Mais avant d'aller plus loin, je dois expliquer que j'utilise le mot art dans une acceptation plus large que celle que nous utilisons d'ordinaire. En effet, pour des raisons de convenance, j'exclurai tout ce qui s'adresse à l'intelligence et aux émotions mais pas au regard, bien qu'à proprement parler, la musique et toute la littérature qui se préoccupe du style doivent être considérées comme faisant partie de l'art. Mais je ne puis exclure de mon champ d'étude, comme véhicule possible de l'art, aucune des œuvres de l'homme qui peut se regarder. Et c'est là que la fracture entre le point de vue socialiste et le point de vue commercial de l'art est évidente. Pour le socialiste, une maison, un couteau, une tasse, une machine à vapeur ou je ne sais quoi, tout ce qui est, je le répète, fabriqué par l'homme et possède une forme, doit soit être une œuvre d'art, soit destructeur pour l'art. En revanche, le commerçant divise les "articles manufacturés" en ceux qui sont conçus comme des œuvres d'art et sont proposés à la vente sur le marché comme tels, et ceux qui n'ont et ne peuvent avoir aucune prétention à des qualités artistiques. Le premier professe l'indifférence et le second la nie. Le commerçant constate que dans la grande masse du travail accompli par l'homme civilisé, il n'y a aucune prétention à l'art, et pense que c'est naturel, inéluctable et, pour tout dire, souhaitable. Le socialiste, au contraire, voit dans cette absence évident d'art une maladie propre à la civilisation moderne et nuisible à l'humanité ; qui plus est, il pense que c'est une maladie qui peut être soignée.

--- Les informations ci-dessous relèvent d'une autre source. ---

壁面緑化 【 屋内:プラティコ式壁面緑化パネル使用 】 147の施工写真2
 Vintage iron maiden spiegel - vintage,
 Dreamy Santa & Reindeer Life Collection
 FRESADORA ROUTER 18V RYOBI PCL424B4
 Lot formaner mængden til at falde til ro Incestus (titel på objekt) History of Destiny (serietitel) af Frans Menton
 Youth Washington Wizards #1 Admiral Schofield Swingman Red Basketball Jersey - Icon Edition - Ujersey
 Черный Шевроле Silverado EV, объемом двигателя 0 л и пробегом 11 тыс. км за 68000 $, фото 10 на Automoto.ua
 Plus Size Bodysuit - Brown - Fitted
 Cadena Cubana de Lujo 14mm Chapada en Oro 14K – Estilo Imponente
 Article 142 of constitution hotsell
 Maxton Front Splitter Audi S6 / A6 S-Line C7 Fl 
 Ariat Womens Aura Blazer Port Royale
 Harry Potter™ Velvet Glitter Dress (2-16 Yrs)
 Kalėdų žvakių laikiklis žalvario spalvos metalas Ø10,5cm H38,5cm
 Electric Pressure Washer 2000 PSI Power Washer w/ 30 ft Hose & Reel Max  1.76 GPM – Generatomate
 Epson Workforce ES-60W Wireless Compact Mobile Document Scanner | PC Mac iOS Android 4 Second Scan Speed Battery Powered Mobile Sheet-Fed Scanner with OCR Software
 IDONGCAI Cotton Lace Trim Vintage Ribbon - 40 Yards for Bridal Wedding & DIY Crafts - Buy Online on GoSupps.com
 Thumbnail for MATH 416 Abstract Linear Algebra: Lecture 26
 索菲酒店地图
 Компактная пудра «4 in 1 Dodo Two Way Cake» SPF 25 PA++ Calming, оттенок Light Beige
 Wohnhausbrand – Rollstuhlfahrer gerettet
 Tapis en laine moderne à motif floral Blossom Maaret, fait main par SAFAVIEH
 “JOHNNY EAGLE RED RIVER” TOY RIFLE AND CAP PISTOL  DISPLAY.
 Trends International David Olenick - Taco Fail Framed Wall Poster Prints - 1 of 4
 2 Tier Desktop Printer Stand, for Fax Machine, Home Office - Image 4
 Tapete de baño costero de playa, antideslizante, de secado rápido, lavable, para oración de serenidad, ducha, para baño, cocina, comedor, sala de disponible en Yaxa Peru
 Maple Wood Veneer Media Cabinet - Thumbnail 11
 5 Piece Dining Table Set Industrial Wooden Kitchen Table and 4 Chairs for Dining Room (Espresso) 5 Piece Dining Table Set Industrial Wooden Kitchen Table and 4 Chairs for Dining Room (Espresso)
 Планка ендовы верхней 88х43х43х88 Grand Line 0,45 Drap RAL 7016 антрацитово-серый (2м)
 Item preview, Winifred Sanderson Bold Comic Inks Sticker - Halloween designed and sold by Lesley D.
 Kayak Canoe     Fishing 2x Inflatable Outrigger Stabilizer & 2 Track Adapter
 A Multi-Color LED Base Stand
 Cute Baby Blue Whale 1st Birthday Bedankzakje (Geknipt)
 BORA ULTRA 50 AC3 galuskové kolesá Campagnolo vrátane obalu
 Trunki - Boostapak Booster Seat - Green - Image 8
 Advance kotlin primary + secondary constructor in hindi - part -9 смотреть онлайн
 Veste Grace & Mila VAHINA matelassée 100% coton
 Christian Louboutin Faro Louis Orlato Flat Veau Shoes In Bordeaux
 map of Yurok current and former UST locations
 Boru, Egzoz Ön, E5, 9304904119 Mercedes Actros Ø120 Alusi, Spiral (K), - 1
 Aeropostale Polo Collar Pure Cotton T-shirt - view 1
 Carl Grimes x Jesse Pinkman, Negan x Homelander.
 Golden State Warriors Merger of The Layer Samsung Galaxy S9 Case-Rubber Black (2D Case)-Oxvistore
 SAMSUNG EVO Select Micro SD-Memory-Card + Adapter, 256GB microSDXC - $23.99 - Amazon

J'estime aussi que cette maladie et cette blessure de l'humanité ne sont pas des vétilles, mais un cruel prélèvement sur le bonheur de l'homme, car il sait que cet art omniprésent dont j'ai parlé et auquel le marchant est insensible, est l'expression du plaisir dans le travail, et que, puisque toutes les personnes qui ne sont pas à le charge de la communauté, doivent produire, sous une forme ou une autre, il s'ensuit que dans notre système actuel, la plupart des hommes honnêtes doivent mener une vie malheureuse, étant donné que leur travail, qui représente la partie la plus importante de leur vie, est dépourvue de plaisir.
Ou pour dire les choses sans détour et en deux mots : dans l'état actuel de la société, le bonheur n'est possible que pour les artistes et les voleurs.

William Morris, "L'art en ploutocratie", in L'art et l'artisanat, trad. Thierry Gillyboeuf, Paris, éditions Payot&Rivages, 2011, p. 98-99.